America’s Energy Future: What the Government Misses in Its Energy Outlook and Why It Matters

2024-11-24 15:50:41 source: category:Contact

The U.S. government’s new long-term energy outlook paints a picture of the future that few utilities and energy analysts actually expect to see. It underplays how rapidly coal will retreat from the market and fails to grasp the scale of growth for renewable energy compared to utilities’ plans and analysts’ expectations.

That’s a problem, because the Energy Information Administration report’s base case could be used to overstate the costs of the transition to clean energy in federal and state debates.

“It leads to an aura of inevitability to the continuation of a fossil-fuel-oriented future,” said Daniel Cohan, a Rice University environmental engineer. “I can’t count the number of times I’ve been to a talk and heard from someone from the fossil fuel industry who points to an EIA report and says this is the amount of fossil fuels we’ll need for decades on end.”

The projections in the annual report suggest several future outcomes that energy experts don’t see happening, including that:

  • Coal would be the fuel for 17 percent of the country’s electricity in 2050, which is higher than what is envisioned by utilities’ long-term plans and state targets.
     
  • Wind energy collapses when a tax credit expires at the end of this year and wind farm construction nearly ceases. Also, the report anticipates almost no offshore wind construction.
     
  • Greenhouse gas emissions would decline by an average of just 0.1 percent per year through 2050, falling far short of goals under the Paris climate agreement and meaning that government policies, technological advances and market forces would have little to no effect on emissions.

The way the EIA creates its base case for the Annual Energy Outlook has been criticized for years, in part because the projections don’t take into account future changes to laws and regulations. The EIA even stresses in the report that its base case is not a forecast. The findings “are not predictions of what will happen, but rather modeled projections of what may happen given certain assumptions and methodologies,” it says.

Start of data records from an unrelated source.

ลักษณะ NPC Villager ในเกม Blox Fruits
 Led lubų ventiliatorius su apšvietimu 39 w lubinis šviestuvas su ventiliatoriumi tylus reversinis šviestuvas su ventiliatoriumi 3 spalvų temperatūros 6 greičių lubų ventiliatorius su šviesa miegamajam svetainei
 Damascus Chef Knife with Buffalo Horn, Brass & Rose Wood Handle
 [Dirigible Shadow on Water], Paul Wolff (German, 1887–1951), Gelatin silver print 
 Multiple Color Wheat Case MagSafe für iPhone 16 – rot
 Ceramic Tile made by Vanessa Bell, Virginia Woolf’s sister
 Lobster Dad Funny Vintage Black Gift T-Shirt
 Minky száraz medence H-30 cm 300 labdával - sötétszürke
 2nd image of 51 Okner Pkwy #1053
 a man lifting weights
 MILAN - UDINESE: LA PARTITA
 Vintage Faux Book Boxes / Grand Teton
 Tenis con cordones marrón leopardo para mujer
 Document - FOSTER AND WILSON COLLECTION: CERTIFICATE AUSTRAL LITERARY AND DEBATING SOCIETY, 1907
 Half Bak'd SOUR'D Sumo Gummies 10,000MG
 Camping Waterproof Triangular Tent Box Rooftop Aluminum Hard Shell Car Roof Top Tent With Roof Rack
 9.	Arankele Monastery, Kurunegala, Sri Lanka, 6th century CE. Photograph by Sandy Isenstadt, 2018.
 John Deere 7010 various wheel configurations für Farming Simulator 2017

But there are real consequences, because EIA’s projections are widely used by federal and state officials, including in 2015 for estimates on the effects of Obama administration’s Clean Power Plan, and this year when Texas regulators used a projection showing low natural gas prices as part of the justification for rejecting plans for what would have been the country’s largest wind farm.

If treated as a forecast, the projections would raise concerns for regions such as the Midwest that are moving away from heavy reliance on coal and have seen rapid growth in wind energy. The report indicates that coal will continue to be a key part of the mix, while wind development would have almost no growth starting in the mid-2020s.

“If this report was true, the wind industry will virtually vanish in terms of construction,” Cohan said. “You’d be looking at huge job losses in places like Iowa and the Great Plains.”

The EIA’s results are based on an economic model whose outcomes vary greatly based on changes to a few basic factors. One factor is the country’s projected electricity demand, which the report says will rise by about 1 percent per year. That would be a faster pace than the last 10 years as energy efficiency and economic changes kept the growth closer to zero.

EIA’s estimate of demand growth reverberates through the report and distorts the results, said Alex Gilbert, cofounder of SparkLibrary, an energy research firm.

“This likely drives overestimates of coal and natural gas,” he said.

Coal: Leveling Off or Continuing to Fall?

The projections in the latest report, released Jan. 24, describe coal falling from 28 percent of the U.S. electricity supply in 2018 to 17 percent in 2050. Most of the decrease would be in the next decade, followed by a leveling off.

The idea of coal holding onto 17 percent of the market in 2050 makes little sense because almost no new coal plants are being built in the United States due to high costs, and the existing ones would be well beyond their useful lives by 2050, said Joshua Rhodes of the University of Texas at Austin.

“To think that we’re going to have the same amount of coal from here on out until 2050 is to assume that these coal plants are going to run into their 70s, and that’s just not happening,” he said.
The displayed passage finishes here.